Exception types DividebyZero or OtherException treated normally. All others invoke unexpected().

void someFunction() throw(DividebyZero, OtherException);

Case 2

Empty exception list, all exceptions invoke `unexpected()

void someFunction() throw ();

Case 3

All exceptions of all types treated normally

void someFunction();

Derived classes

Polymorphism plays an important role in exceptions.
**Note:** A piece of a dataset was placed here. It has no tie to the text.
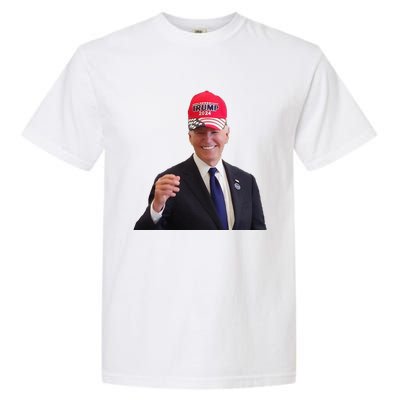 Funny Joe Biden Dons Trump 2024 Cap Wear A Trump Hat Gift Garment-Dyed Heavyweight T-Shirt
Say class B is derived from class A. If the catch-block handles exception of type class A (i.e., class A is in exception specification) then it will also catch exception of class B is thrown.

E.g.,

class A {};
class B : public A {};

try {
    throw B;
}
catch (A)
{
    // This block will catch if B is thrown
    // in the try block.
}

See the code below for this behavior in action.

#include <iostream>
#include <string>
using std::cout;
using std::cin;
using std::endl;
using std::string;

class BadTime
{
  private:
  double t;
  string n;

  public:
  BadTime(double time) : t(time) {
    n = "BadTime";
  }

  string getName() const { return n; }
  double getValue() const { return t; }
};

class InvalidDistance
{
  protected:
  string name;

  public:
  InvalidDistance() {
    name = "InvalidDistance";
  }

  string getName() const { return name; }
};

class ZeroDistance : public InvalidDistance
{
  public:
  ZeroDistance() : InvalidDistance()
  {
    name = name + " -> " + "ZeroDistance";
  }
};

class NegativeDistance : public InvalidDistance
{
  public:
  NegativeDistance() : InvalidDistance()
  {
    name = name + " -> " + "NegativeDistance";
  }
};

int main()
{
  double d, t;

  try {  
    cout << "Enter distance: ";
    cin >> d;
    if (d == 0) throw ZeroDistance();
    if (d < 0) throw NegativeDistance();
    
    cout << "Enter time: ";
    cin >> t;
    if (t <= 0) throw BadTime(t);
    

    cout << "Velocity is: " << d/t << endl; 
  }
  catch (BadTime bt)
  {
    // We explictly name the catch paramter bd, since we plan to use
    // it below
    
    cout << "Exception " << bt.getName()
         << " called with value " << bt.getValue()
         << endl;
  }
  catch (InvalidDistance id)
  {
    // Notice that this catch-block catches
    // InvalidDistance.

    cout << "Exception " << id.getName()
         << " caught." << endl;
  }
  catch (...)
  {
    // A catch-all block
    //
    // Notice that the try-block is throwning a NegativeDistance
    // exception that we don't explicitly catch.  We
    // use this catch-all block to catch any unhandled
    // exceptions that may be thrown by the try block.

    cout << "Exception: an unhandled exception." << endl;
  }

  cout << "Program safely continues, once the exception is handeled." << endl;
  
  return 0;
}

Output

$./velocity-exceptions-polymorphism
Enter distance: 2
Enter time: 1
Velocity is: 2
Program safely continues, once the exception is handeled.
$./velocity-exceptions-polymorphism
Enter distance: -2
Exception InvalidDistance -> NegativeDistance caught.
Program safely continues, once the exception is handeled.
$./velocity-exceptions-polymorphism
Enter distance: 0
Exception InvalidDistance -> ZeroDistance caught.
Program safely continues, once the exception is handeled.

Note that ZeroDistance and NegativeDistance is not in exception list, but these are caught by catch(InvalidDistance id) catch-block, since both ZeroDistance and NegativeDistance are derived from class InvalidDistance.

unexpected()

This function is called whenever an unhandled exception is thrown. The default behavior is to terminate the program. It is possible to redifine this function by using set_unexpected. I suggest checking out the compiler documentation to the interested reader.